But basically, she has our nuts in a vise. Whatever she wants, we really can't say no, because we really don't have a good backup plan if she walks. No daycare is open early enough for us to drop Cal off before we go to work, and few if any other people would be willing to come to work as early as Georgia does for us to leave for the hospital on time. We could get a live-in person, but lord, aside from the awkwardness of having someone LIVING IN YOUR HOUSE, how the hell do you find someone that you trust? With your home? With your KID? We're not totally without options, but the options that we have are very, very limited.
So we'll give her the raise she wants. But not until July 1st, because we can't financially swing it until then. And when it comes down to it, we'll give her everything else that she wants too. Because what else can we do? We need her to stay. We have no leverage. And until she actually demands something that we absolutely cannot support (a three-day work week, for example, or a 200% raise and a car) the specter of her leaving us in the lurch is a real one, while the possibility of us letting her go and being able to find another nanny is almost entirely theoretical.
(Oh, one more thing: for the inevitable handful of largely anonymous people that always pipe up to say that I shouldn't "complain," because, after all, I CHOSE to have a kid during residency, I CHOSE this life, so it's my own damn fault, I say this: the right choice is not always the easy one.
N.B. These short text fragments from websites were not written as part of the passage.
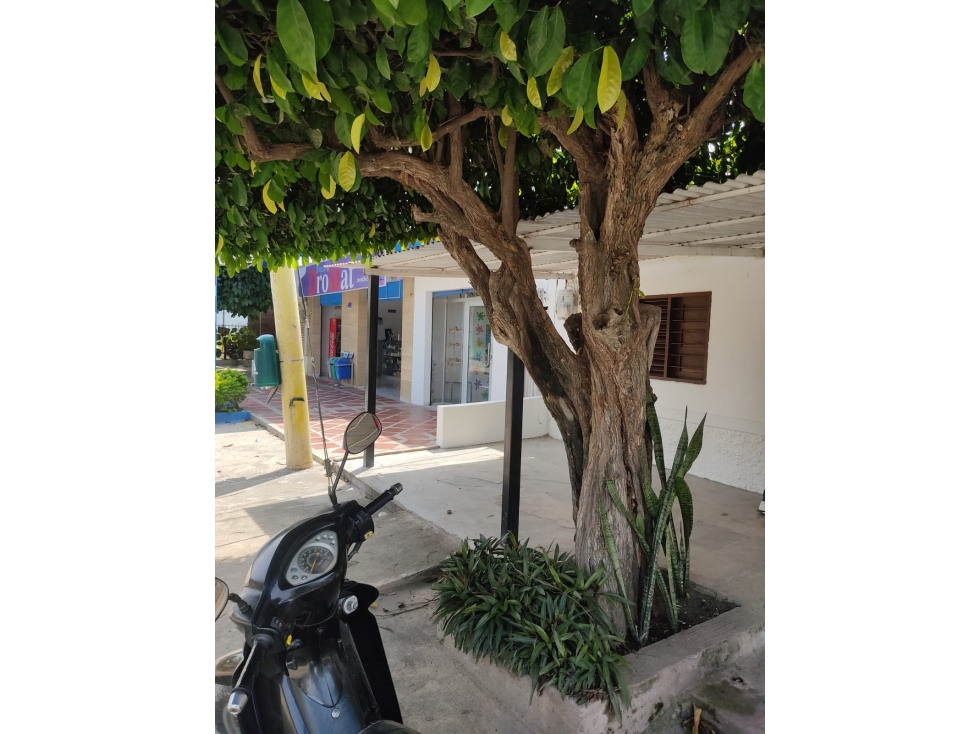CASA-3321585 - 1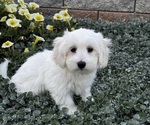 Small #6 Coton de Tulear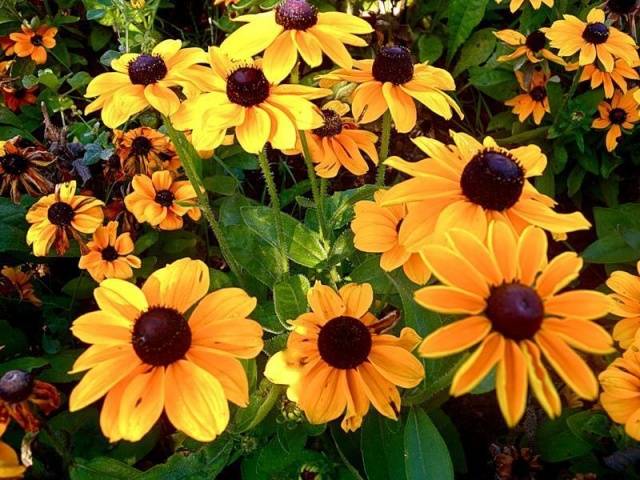 Rudbeckia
And noting that a situation is difficult does not mean that I wish I had chosen differently. Also, have you ever complained about having too much work, or bitched about having to study for a midterm in college? Well, you shouldn't have, because AFTER ALL, you CHOSE to go to college, didn't you? In fact, you should never ever note that anything is difficult, or vexing, ever, because AT LEAST YOU'RE ALIVE. Alrighty, sorry about that, with the caps and all, but you know how sometimes you can just see the comments pouring in even before you post? Just thought I'd deal a preemptive explanation. Not that it ever works, but sometimes I like to try anyway.)
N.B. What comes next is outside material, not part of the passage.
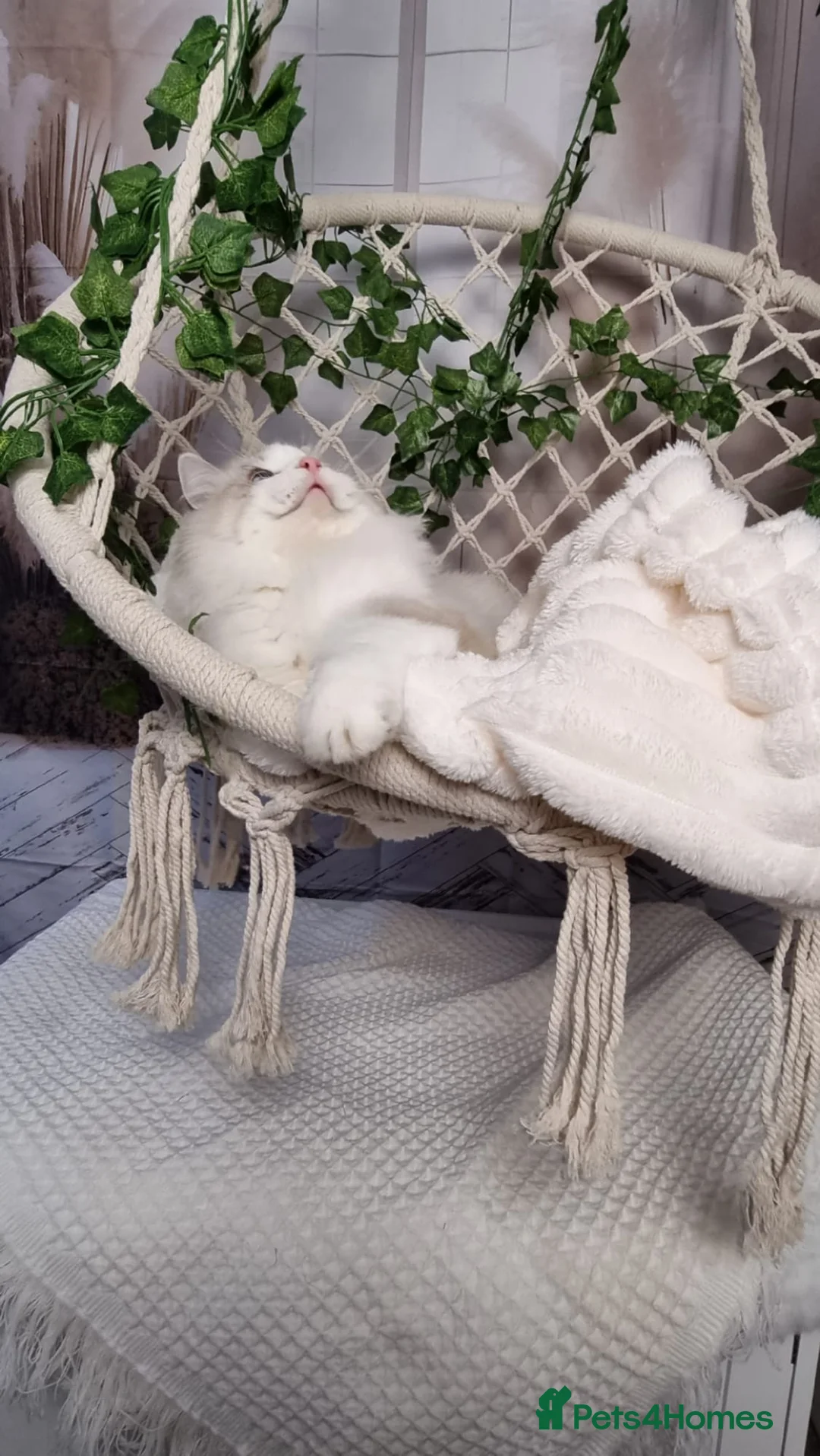 Ragdoll cats for sale: Exceptional Tica Registered Ragdoll Kittens - Advert 19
Also, to further quell any possible rancor, here is an adorable picture of baby bunnies in teacups. Babies! Bunnies! IN TEACUPS! Rancor...fading.
* * *
OK, push out the jive, bring in the love. Today, between running other errands, we finally headed on down to the new Trader Joe's that opened a few weeks ago near Union Square. A month ago, I really had no idea what Trader Joe's was (I actually thought it was "Traitor Joe's" the first time I heard it mentioned in conversation--like, who is this Joe, and who did he betray?) but had some vague notion that, like many California imports (see: Jamba Juice, Peet's Coffee, Scientology) it was some sort of a cult. So far I have not been proven wrong. We actually tried to go to the new Trader Joe's two weekends ago, but we couldn't get in. Because there was a line. Around the block. For a GROCERY STORE. Screw you, velvet rope! We left. But still, I was curious as to what kind of a grocery store inspires such an ardent following. Also, we need food. Hence the trip down there today. I just hoped that it would not be some sort of vegan food store full of Soy Nuggets and Nutmeat Salads (though I would enjoy pointing to the word "nutmeat" printed on the sign and snickering. Snerk.)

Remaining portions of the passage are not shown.